Die aktuelle Bedrohungslage

Wie fassen Sie die aktuelle Sicherheits- bzw. Bedrohungslage in Österreich zusammen?
Klaudia Tanner: Herausfordernd, weil wir einfach sehr viele Krisen, Kriege sehen. In den letzten drei Jahren, seit Beginn des Krieges Putins gegen die Ukraine, hat sich die Situation gänzlich verändert. Das führt dazu, dass wir in Österreich nachrüsten müssen – das tut aber auch ganz Europa.

Und wie beurteilen Sie in diesem Kontext die Verteidigungsfähigkeit Österreichs?
Klaudia Tanner: Wir haben mit dem Bundesverteidigungsfinanzierungsgesetz eine sehr wichtige Entscheidung getroffen. Über alle Parteigrenzen hinweg ist beschlossen worden, dass das Budget für das Verteidigungsministerium für das Bundesheer alljährlich ansteigt. Hinterlegt haben wir die budgetären Mittel mit der „Mission vorwärts“ – einem ganz genauen Aufbauplan bis ins Jahr 2032. Wir investieren in Infrastruktur, Kasernen, Ausrüstung. Wir haben unsere Kampfpanzer und Schützenpanzer zur Modernisierung geschickt, Radpanzer, eine zusätzliche Staffel von Black Hawk und Leonardo-Hubschraubern sowie LKWs beschafft. Wir rüsten in allen Bereichen nach, um verteidigungsfähig zu werden.

Österreichs Truppenstärke

Wie sieht es mit der Truppenstärke aus? Da hört man auch immer wieder, sie sei zu gering.
Klaudia Tanner: 2013 haben sich die Österreicher sehr klar für die Wehrpflicht ausgesprochen. Jährlich führen wir etwa 16.000 junge Männer durch die Stellung. In dem halben Jahr Grundwehrdienst können wir sie auch für das Bundesheer begeistern. Aber Fakt ist auch, dass wir geburtenschwache Jahrgänge haben. Wir haben einen freiwilligen Grundwehrdienst für Frauen eingeführt. Das hat auch dazu geführt, dass mittlerweile 100 zusätzliche Soldatinnen bei uns zu begrüßen sind.
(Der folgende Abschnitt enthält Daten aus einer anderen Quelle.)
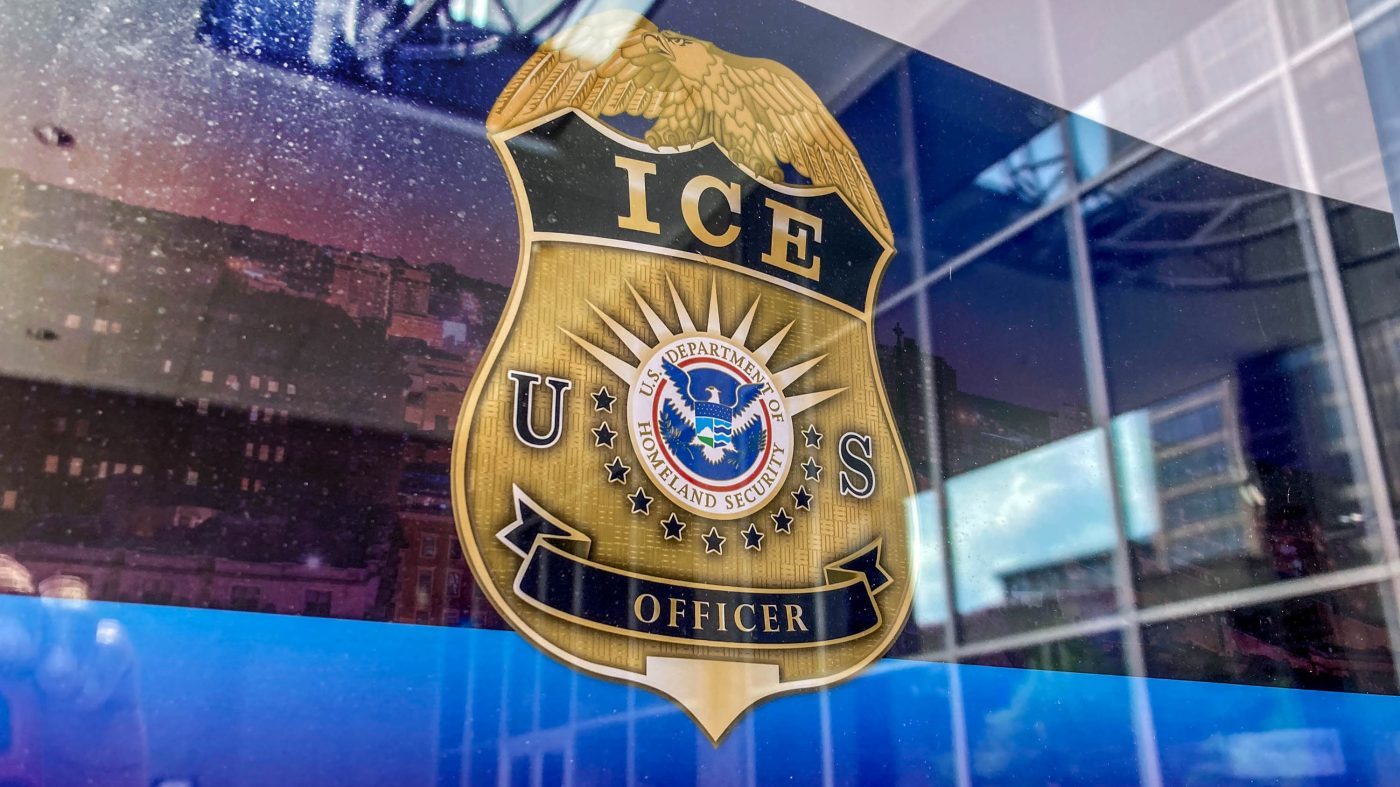 Trump Appoints ICE Veteran Dave Venturella as Acting Director Amid Enforcement Turmoil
Wie viele Soldaten könnte Österreich aktuell mobil machen?
Klaudia Tanner: Die Mobilmachungsstärke liegt bei 55.000.

Und wie viele sollten es sein?
Klaudia Tanner: Das ist die Truppenstärke, die plangemäß vorgesehen wäre, wenn es notwendig werden würde und sich die Lage verschärfen würde.

Geistige Landesverteidigung stärken

Es braucht wieder ein Bewusstsein für innere Wehrhaftigkeit, betont Tanner.

Das heißt, im Worst Case, wenn wir ab morgen unsere Grenzen effektiv verteidigen müssten, würde sich das ausgehen?
Klaudia Tanner: In den jetzigen Plänen sind die 55.000 da. Was viel wichtiger ist: Wir brauchen auch den entsprechenden Wehrwillen. Wer von den Österreicherinnen und Österreichern wäre bereit, das Land mit der Waffe zu verteidigen? Das ist ein sehr niedriger Prozentsatz. Diese geistige Landesverteidigung müssen wir stärken. Wir haben begonnen, sie in den Lehrplänen zu verankern.

Was soll unterrichtet werden?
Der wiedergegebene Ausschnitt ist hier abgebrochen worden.